"Walküre" für Hitler und Stalin
Eisenstein und Prokofjew
Sergej Eisenstein, dessen Todestag sich am Montag zum 60. Male jährt, hat nicht nur in der Filmgeschichte, sondern auch in der Musikgeschichte Spuren hinterlassen. Vor allem durch seine Zusammenarbeit mit dem Komponisten Sergej Prokofjew.
8. April 2017, 21:58
Sergej Eisenstein, dessen Todestag sich am Montag zum 60. Male jährt, hat nicht nur in der Filmgeschichte, sondern auch in der Musikgeschichte Spuren hinterlassen, denen nachzugehen - sich lohnt.
Wer seinen Namen in die Suchfunktion eines deutschen Musiklexikons eintippt, erhält als Ergebnis natürlich mehrfach Sergej Prokofjew als Resultat.
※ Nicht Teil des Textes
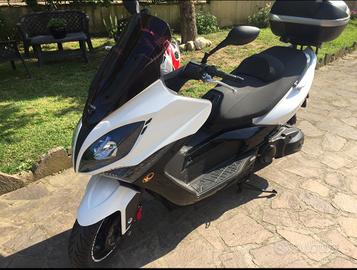 Kymco Xciting 500 R scooter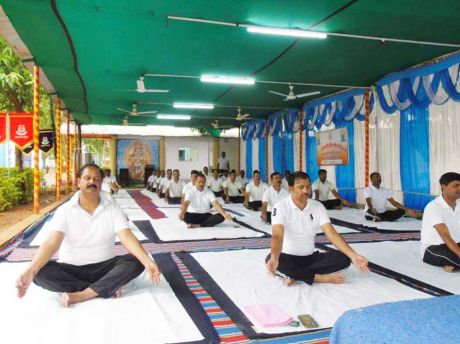 16558910326_yoga_(4).jpg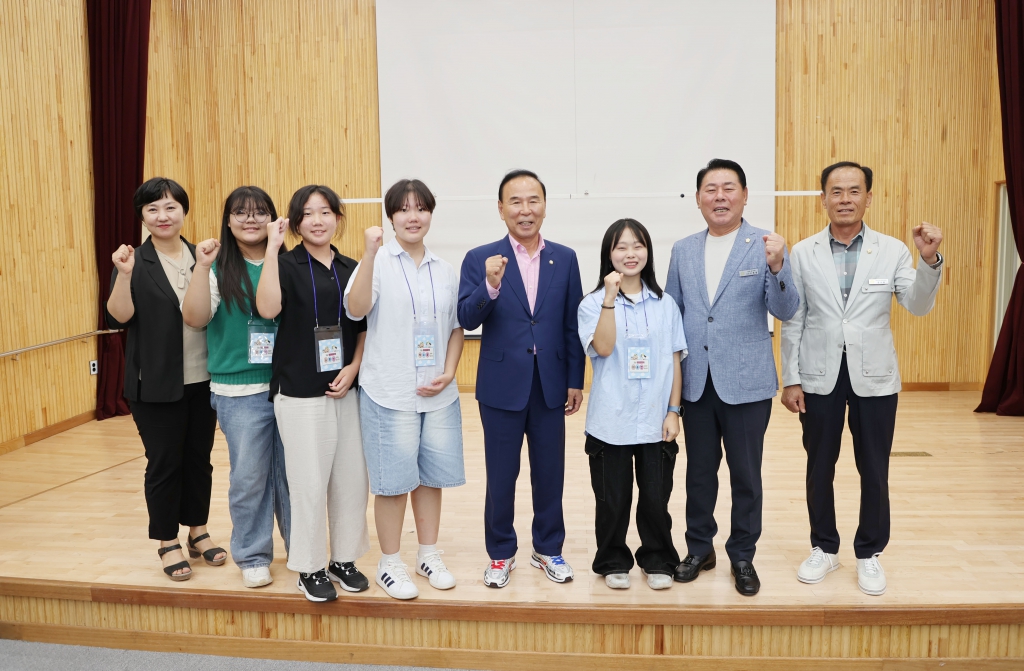 동남부4군 청소년 참여위원회와 박덕흠의원과의 간담회 이미지(10)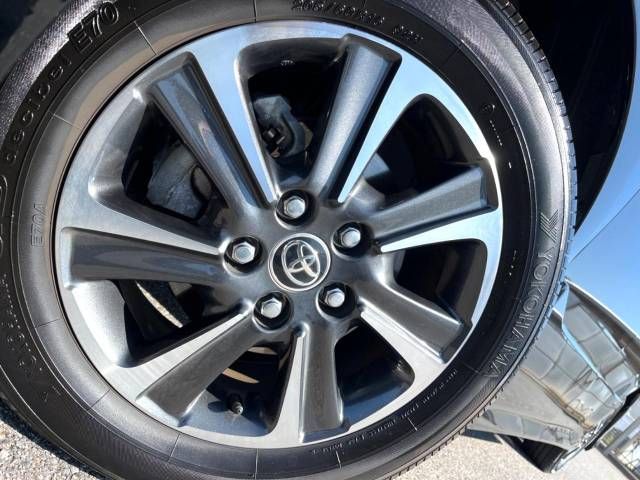 Toyota VOXY 2021-04 193188-16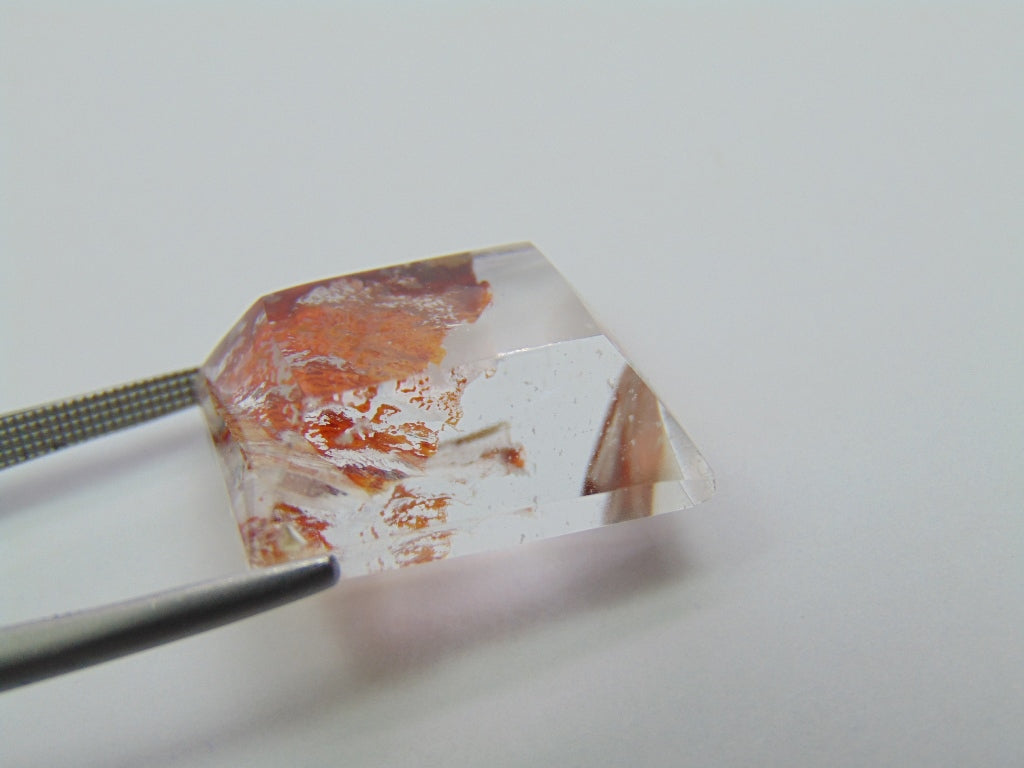 24.85ct Quartz Inclusion 20x17mm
Macht man dasselbe allerdings in der englischen Musik-Enzyklopädie "Groves dictionary of music and musicians", dann werden zwar "Alexander Newskij" und "Ivan der Schreckliche" nicht verschwiegen, im Zentrum des Eisenstein-Artikels steht aber eine andere Produktion: Wagners Walküre und ein Sonderauftrag Stalins.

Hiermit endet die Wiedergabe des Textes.